= West Quoddy, Nova Scotia =

Community in Nova Scotia, Canada

 West Quoddy is a rural community on the Eastern Shore of Nova Scotia, Canada, in the Halifax Regional Municipality. It is located along the Marine Drive on Nova Scotia Trunk 7 about 19 km east of Sheet Harbour, Nova Scotia. The community is located at the mouth of the Quoddy River and the head of Quoddy Harbour. Several small islands are located in the harbour.

Settlement of the area began around 1820. The modern-day name for the settlement is derived from the mi'kmaq name for the area, Noodakwade, meaning "the seal hunting place". The settlement was previously known as West Newdy Quoddy, an anglicized version of the native name. Several variations of the name of the community were used as well, including Noody Quoddy, Noody Quoday and Newdiquoddy. A Presbyterian church was opened on October 19, 1873, and a Baptist church was built in the community in 1954 and dedicated on July 19 of the same year. A schoolhouse was built in 1876 and a new school was built in 1945.

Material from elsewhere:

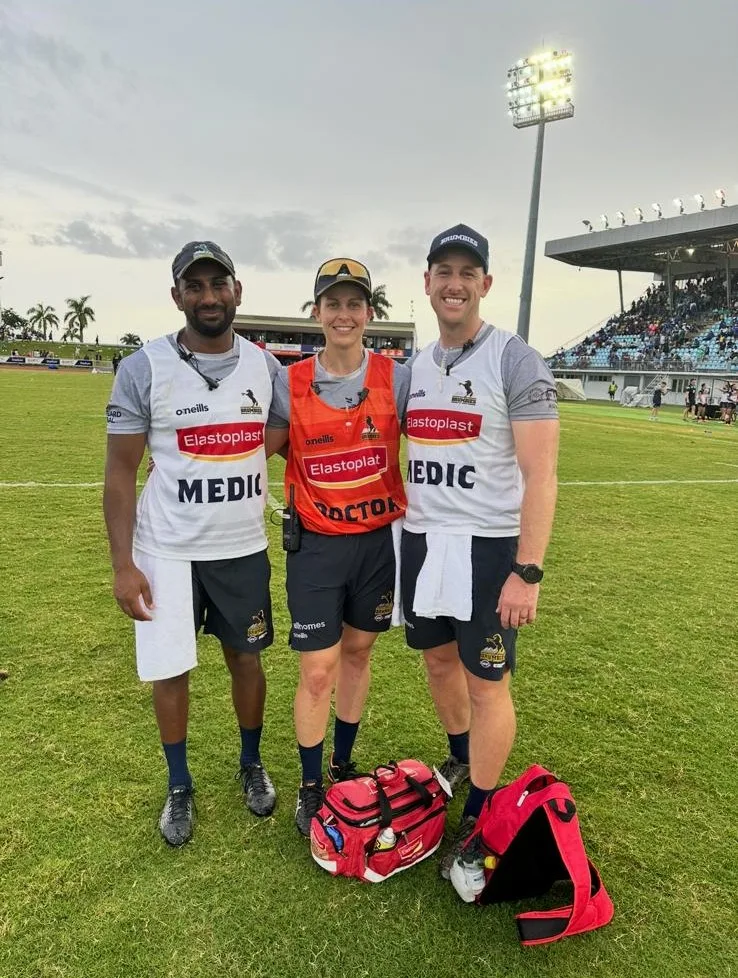 Dr Kimberley Wells with the ACT Brumbies in Fiji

The headwaters of Quoddy River are the Chain Lakes, at an approximate elevation of 100 m, about 17 km northwest of the community. The river progresses southeast-ward, passing through Quoddy Lake, as well as the Fourth and Third Lakes. The river continues in its general direction and flows through the Second and First Lakes before culminating in The Bridges Pool and flowing under Trunk 7 and into Quoddy Harbour.